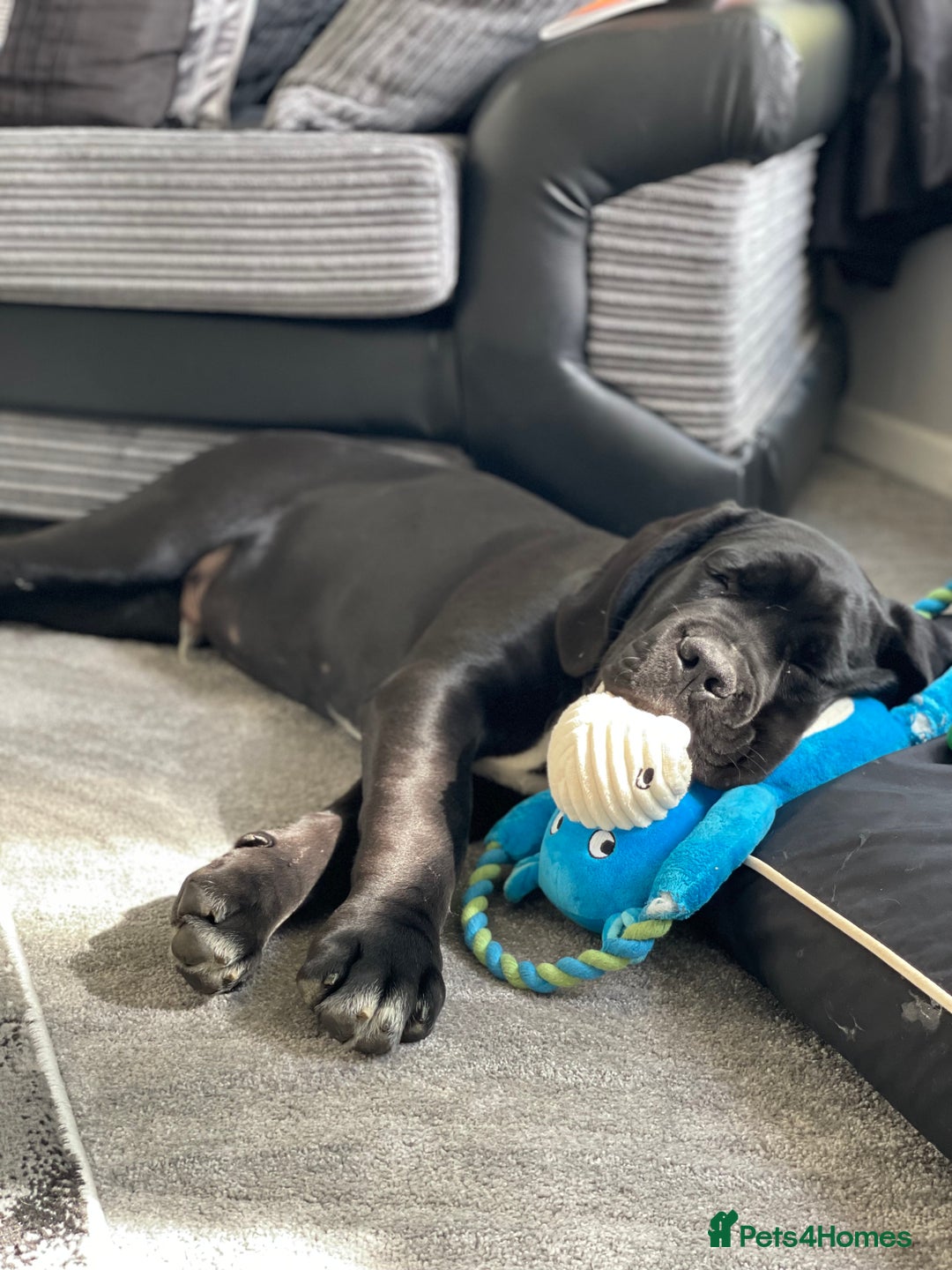 Cane Corso dogs for sale: 🖤Black Cane Corso Puppy 🐾Kobe🐾Male🖤 - Image 3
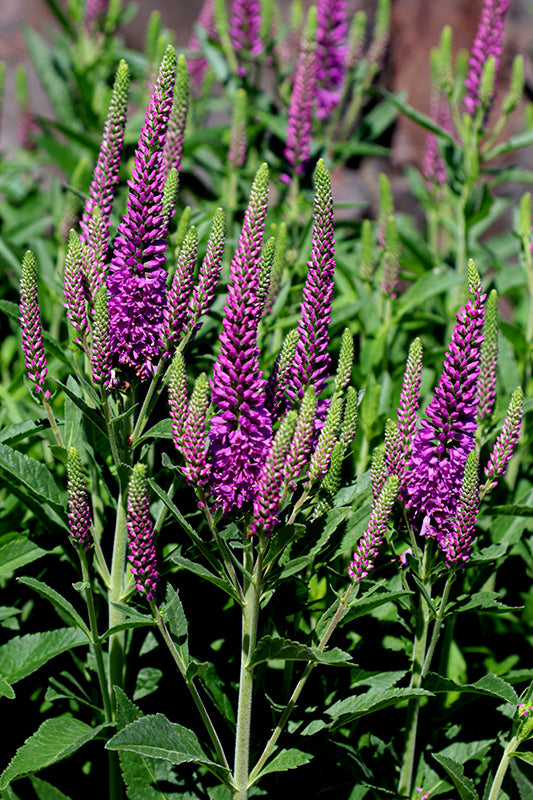 Veronica Speedwell Purplegum Candles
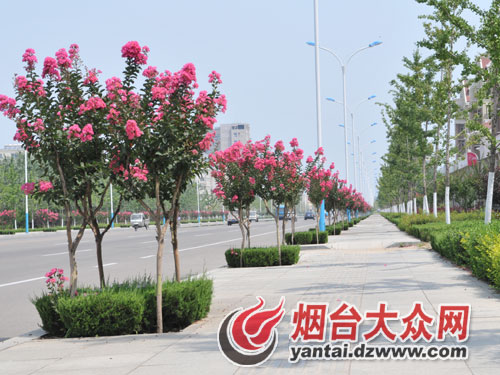 ڣ조ޱǡ 6f`R·ɵ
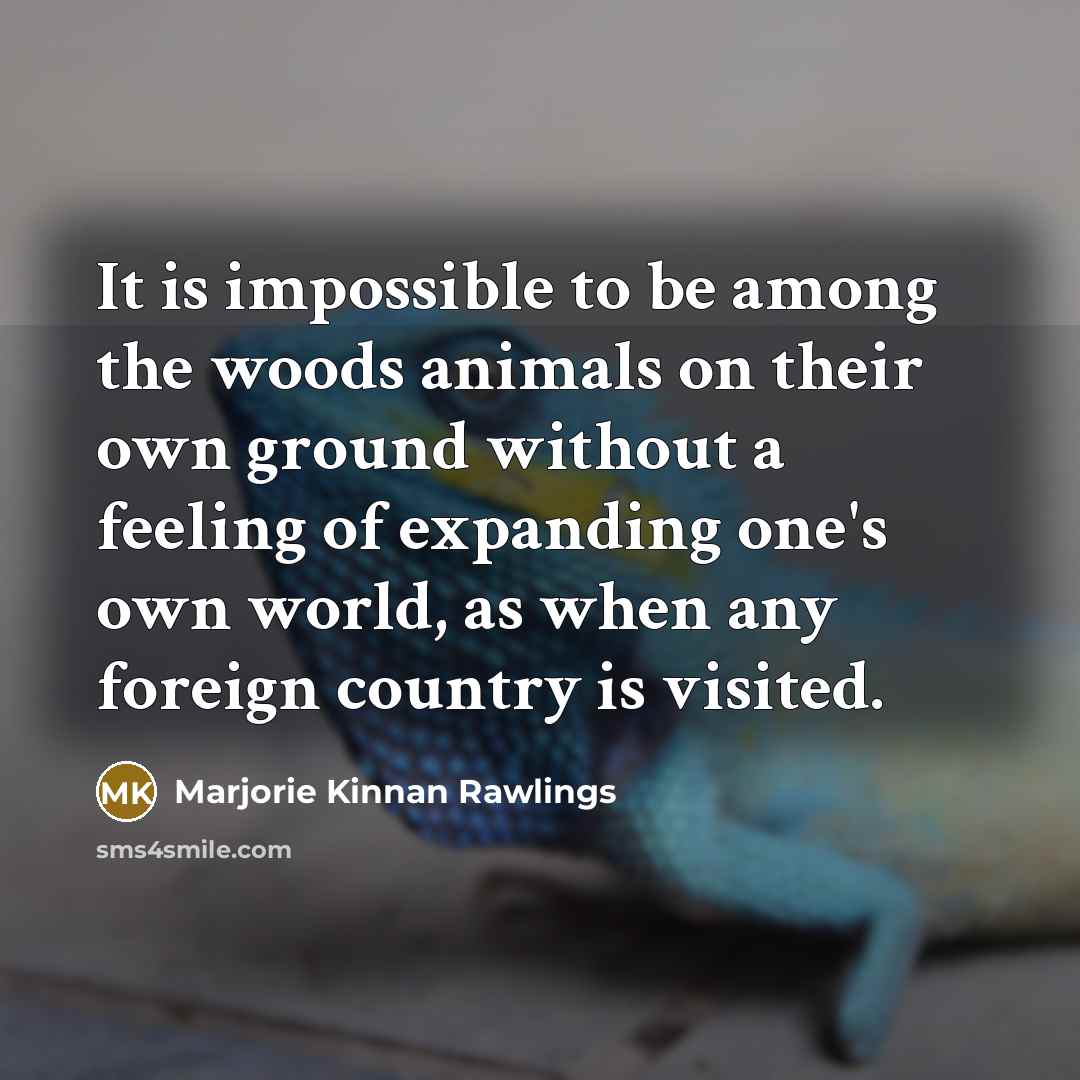 “It is impossible to be among the woods animals on…” quote by Marjorie Kinnan Rawlings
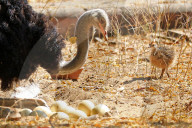 First Successful Ostrich Breeding In Jaipur Zoo 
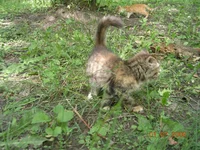 DSCN8611.webp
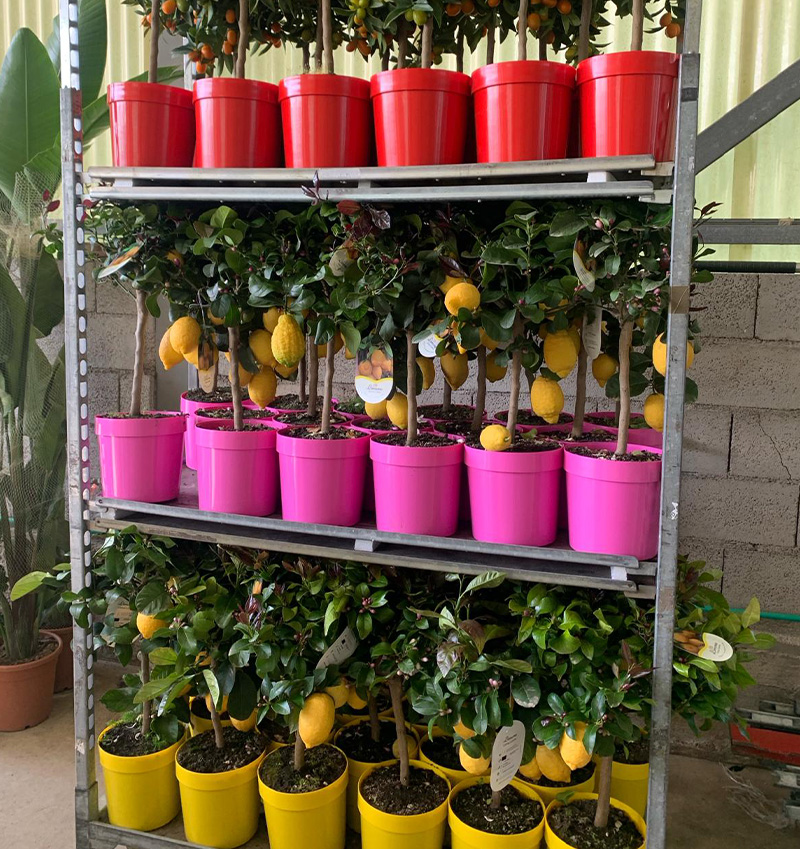 Vivai Cocus - Agrumi ornamentali di Sicilia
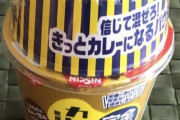 【初体験】完全メシカレーメシ食べるで！→ そのお味は⁉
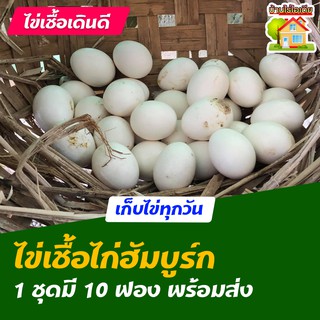 ไข่เชื้อไก่ฮัมบูร์ก สำหรับการฟัก 10 ฟอง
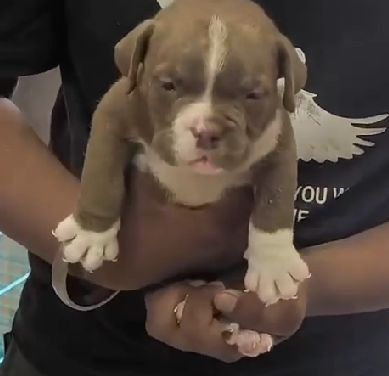 Pitbull dog for sale in Kolkata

■ **TASK INSTRUCTIONS**:
Reproduce, word for word, the lines from the one containing "Vivai Cocus - Agrumi ornamentali di Sicilia" through the final line above. Leave every picture out.

■ **REPLY**:
 Vivai Cocus - Agrumi ornamentali di Sicilia
 【初体験】完全メシカレーメシ食べるで！→ そのお味は⁉
 ไข่เชื้อไก่ฮัมบูร์ก สำหรับการฟัก 10 ฟอง
 Pitbull dog for sale in Kolkata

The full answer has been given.